Spelunking Scripture - June 2024
Our Crossroads group that meets online will be using Spelunking Scripture: The Letters of Paul, for our next study. This is one of my favorite books in the series because it illustrates some important principles of “spelunking scripture.”
For example, one principle is that not all verses in the Bible are of equal value. That is certainly true in the letters of Paul. Another principle is that is important to distinguish cultural conditions from God’s eternal truth. Again, Paul’s letters reflect the cultural conditions of the time, some of which were in contravention to the Christian message.
One issue that appears in Paul’s letters is slavery. In several of Paul’s letters he instructs slaves to obey their masters (Ephesians 6:5; Colossians 3:22; 1 Timothy 6:1; and Titus 2:9). Paul was not the only New Testament writer to say that. 1 Peter 2:18 also tells slaves to submit themselves to their masters.
In his letter to Philemon Paul hints at the incongruence of slavery with Christian brotherhood when he asks the master (Philemon) to accept the escaped slave Onesimus back into the household as “no longer a slave…[but] a beloved brother…in the Lord.”
Nevertheless, many Christians used some selected teachings of Paul to justify slavery for centuries. In the Introduction to The Letters of Paul, I note that some of the founding faculty members of The Southern Baptist Theological Seminary, John A. Broadus and James P. Boyce, were slaveowners. They found justification for slavery in several selected passages of scripture, including from Paul’s letters.
However, as I note in the Introduction, “eventually most Christians came to realize that slavery is abhorrent to the will of God.” Rather than quoting those few isolated passages in Paul’s letters admonishing slaves to obey their masters, most Christians came to recognize God’s design for human community. Simply put, “God wants us to love each other, not enslave each other.”
There was an article in The Washington Post a few days ago (May 23, 2024) about a monument outside the courthouse in Columbia, N.C. Erected 122 years ago, the monument bears a bust of Robert E. Lee and the inscription, “IN APPRECIATION OF OUR FAITHFUL SLAVES.” The 23-foot-tall statue of a Confederate soldier has stood outside the Tyrrell County Courthouse since 1902. Thus, the monument was erected long after the end of the Civil War and the end of slavery in America. It still stands there even today, despite decades of protests.

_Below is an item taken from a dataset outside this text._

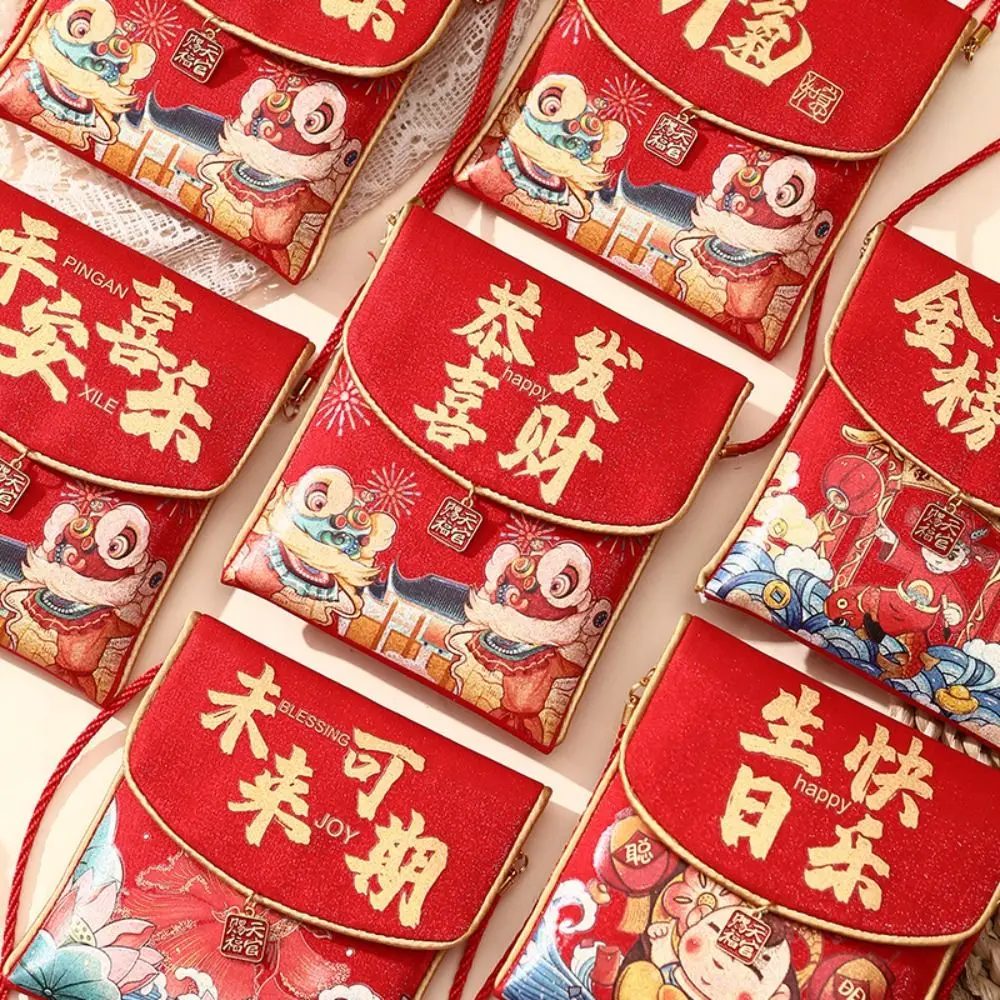 Money Pouches Traditional New Year Red Envelopes Hongbao Cloth Chinese Lucky Money Bag Blessing Red Pocket Bonus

Recently, according to the Post article, "the civic group Concerned Citizens of Tyrrell County and several of its members filed the lawsuit in U.S. District Court in eastern North Carolina against the county’s board of commissioners, claiming the Confederate monument constitutes racially discriminatory government speech that violates the Constitution’s equal protection clause."
“This is the only place in America where you can go to a courthouse and see a public expression in support of the institution of slavery,” Joyce Sykes Fitch, a plaintiff and secretary of Concerned Citizens of Tyrrell County, said in a news release. “It’s past time for it to come down.”
The county’s board of commissions has resisted taking down the monument outside the courthouse. Yes, there are still people in America who resist the repudiation of slavery by preserving monuments such as the one in Tyrrell County, N.C. Some may even use (misuse) the Bible to defend slavery, such as those selected passages in Paul’s letters.
One of the goals of Spelunking Scripture: The Letters of Paul, is to identify passages that convey God’s intentions, and to identify passages that convey cultural conditions rather than God’s purposes.
In her endorsement that appears on the back cover of the book, Amanda Tyler, Executive Director of Baptist Joint Committee for Religious Liberty, wrote:
“It’s a tragic reality that Paul’s letters have been used for centuries to oppress and subjugate rather than liberate and welcome all to God’s table as equals.”